I certainly do. That is why I am happy to support the motion today, and why I was happy to support the committee’s recommendations.
I agree with Lord Evans that a graduated sanctions approach must go hand in hand with increasing the independence of the adviser. Recommendation 6 states:
“The Ministerial Code should detail a range of sanctions the Prime Minister may issue, including, but not limited to, apologies, fines, and asking for a minister’s resignation.”
The Paymaster General spoke about that more graduated approach, and I agree with that, but I also agree with Lord Evans that it must go hand in hand with recommendation 8, which states:
“ The Independent Adviser should be able to initiate investigations into breaches of the Ministerial Code”
—the Government propose not to heed that—and with recommendation 9, which states:
“The Independent Adviser should have the authority to determine breaches of the Ministerial Code.”
That seems to be the point: that the independent adviser determines whether the code has been breached, and it is for the Prime Minister then to decide what sanctions should be applied. What we have now, however, as we heard from the Paymaster General, is an approach whereby if the Prime Minister believes that he still has confidence in people—and I suspect that he will have confidence in the Culture Secretary almost regardless of what she says, because of her slavish support—that is good enough, and no standards are relevant.
As we heard from my hon.

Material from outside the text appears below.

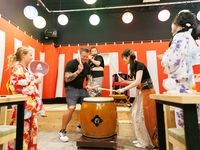Japanese drum experience [1,000 yen course]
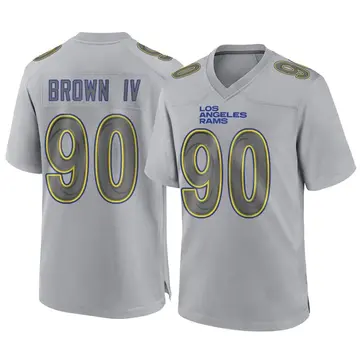 Youth Nike Los Angeles Rams Earnest Brown IV Gray Atmosphere Fashion Jersey - Game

Friend the Member for Ellesmere Port and Neston (Justin Madders), all of us in this place suffer from the allegation that “they are all the same.” Despair is the most corrosive emotion possible when it comes to politics, because it leads people to disengage and to decide that there is no point in engaging in politics in any way. The right hon. Member for Orkney
and Shetland (Mr Carmichael) spoke of a cross-party consensus, but how is that possible if the Prime Minister is willing, for political reasons, to overlook breaches of any kind if he thinks that it is in his political interests to do so?
A politically motivated standards regime that allows rules to be rewritten if they become inconvenient, and places the future of Ministers in the hands of the Prime Minister to vanquish or rescue as he sees fit, is not itself fit for the 21st century in a supposedly developed democracy. How can it be that the ministerial code, detailing the way in which those at the very top of the political tree operate, actually lags behind that which applies to MPs, peers and civil servants?
I also support the committee’s recommendation for reform of the powers of the commissioner for public appointments to provide a better guarantee of the independence of assessment panels.
Our politics is suffering from a crisis of public confidence, which is particularly dangerous at a time of national economic difficulty such as the one that we are currently experiencing. Only by increasing the independence and clarity of the rules and the rule arbiters can we have a hope of restoring public confidence in our politics, and it is for that reason that I support the motion.